2.3.2 Structure elucidation of maridric acids A and B

For NMR data acquisition approximately 1 mg of purified sample was dissolved in 50 μL of CDCl3 (Cambridge Isotope Lab, Tewksbury, MA, USA). All NMR experiments were performed on a Bruker Advance III 600 MHz spectrometer at 298 K with a 1.7 mm Micro-CryoProbe. The pulse sequences used were those supplied by Bruker, and processing was done with the Bruker TOPSPIN software. Proton, DQF-COSY, 1H–13C HSQC and 1H–13C HMBC spectra were measured. The 1H–13C HSQC spectra were recorded with delays corresponding to 1 J H–C coupling constants of 140 Hz. The 1H–13C HMBC spectra were recorded with delays corresponding to 2 or 3 J H–C coupling constants of 8 Hz and 1 J H–C coupling constants of 145 Hz. Additional fragmentation MS experiments were performed on a Thermo LTQ-FT mass spectrometer (Thermo Electron Corp.). Aliquots from solutions of purified maridric acids A and B were diluted in acetonitrile.

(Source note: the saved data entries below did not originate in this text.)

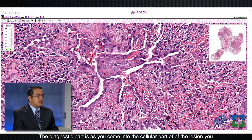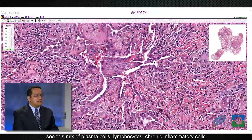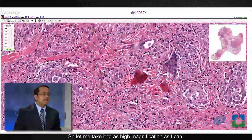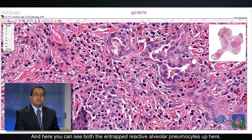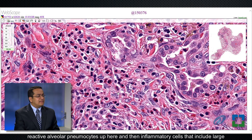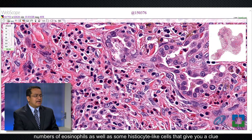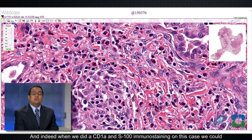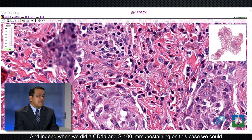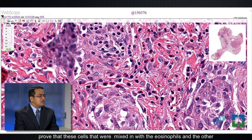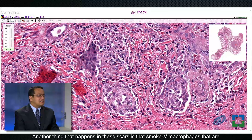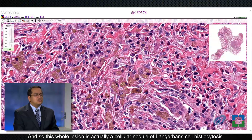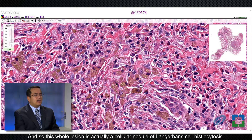The diagnostic part is as you come into the cellular part of the lesion, you see a mix of plasma cells, lymphocytes, and chronic inflammatory cells, but also lots of eosinophils. At high magnification you can see both the entrapped reactive alveolar pneumocytes and inflammatory cells that include large numbers of eosinophils as well as some histiocyte-like cells — giving you a clue that these might be Langerhans cells. Indeed, when we did CD1A and S100 immunostaining on this case, we could prove that these cells mixed in with the eosinophils were Langerhans cells. Additionally, smokers' macrophages accumulated within the scarred areas, making this whole lesion a cellular nodule of Langerhans cell histiocytosis.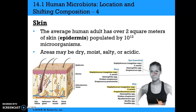For the skin: the average human adult has over 2 square meters of skin, populated by 10¹² microorganisms. Areas may be dry, moist, salty, or acidic, which determines the types of organisms seen from place to place. The major types are coagulase-negative Staphylococci, Staph aureus, and Propionibacterium acnes. You may also see Haemophilus, Viridans Streptococci, Mycobacterium, Bacillus, and Candida — most of these just on the external areas.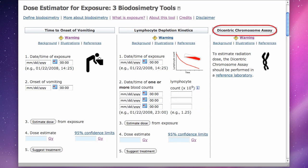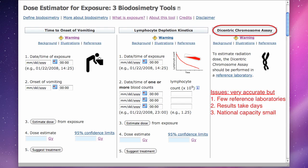The dicentric chromosome assay is one of the most accurate methods of estimating dose, but blood samples must be sent to one of the few national reference laboratories. The results take days to process, and the throughput capacity for the entire nation is small, so during the early phase of a mass casualty event, this tool will not be able to help very many victims.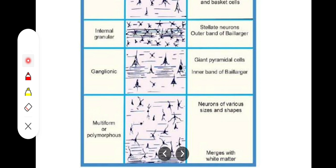The final layer, layer 6, is the multiform or polymorphous layer, because in this layer we have more fusiform cells. This layer is the deepest layer of the cerebral cortex, and the white matter lies beneath it. So layer 6 is the multiform layer.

2.3.3 MS analysis of an acetylated derivative of the maridric acid A

In order to determine the number of hydroxyl moieties in each of the subunits of the polymeric compounds, it was necessary to derivatize each moiety, observing the corresponding mass shift by tandem MS. Thus the hydroxyl moieties of maridric acid A (100 μg) were selectively acetylated by treatment with acetic anhydride and pyridine (each 100 μL) (Chen et al. 1996). After 16 h, at room temperature, the mixture was diluted with 1.0 N HCl, and the aqueous phase was extracted with ethyl acetate. The organic layer was recovered and concentrated in vacuo to dryness. Then, a part of the sample was analyzed by LC–MS using an HPLC1260 system equipped with a XBridge column (Waters, 5 μm, 4.6 × 150 mm2) (Waters, Milford, MA, USA) under the condition of an isocratic mobile phase of 95 % acetonitrile in water (JT Baker, Avantor Performance Materials, Center Valley, PA, USA) containing 0.1 % formic acid (Optima, Thermo Fisher Scientific) at a flow rate of 1 mL/min. MS/MS spectra of the sample was obtained using an Amazon ion-trap mass spectrometer with nominal mass accuracy (Bruker).

3 Results and discussion

To assess the discovery potential across 1000 marine microbes we endeavored to exhaustively sample the MS-visible chemical space produced by these organisms under standard laboratory conditions. To this end we developed a high throughput pipeline for small scale culturing and extraction. Cultures were extracted with three different solvent systems and subjected to data dependent UPLC-MS/MS analysis. By utilizing multiple solvent systems, we were able to extend the chemical space covered and access slightly different arenas of polarity. By using untargeted data acquisition, it was possible to capture an unbiased inventory of the most abundant chemistries present in the extracts of each culture. This inventory consisted of the MS/MS fragmentation patterns of hundreds of thousands of different MS features. Manual curation of data sets of this size can be unfeasible, especially for smaller teams or those without extensive mass spectrometry expertise. In order for an MS based pipeline to be broadly applicable and rapid it was necessary to process the MS/MS data automatically and use higher-level visualizations to guide the investigations.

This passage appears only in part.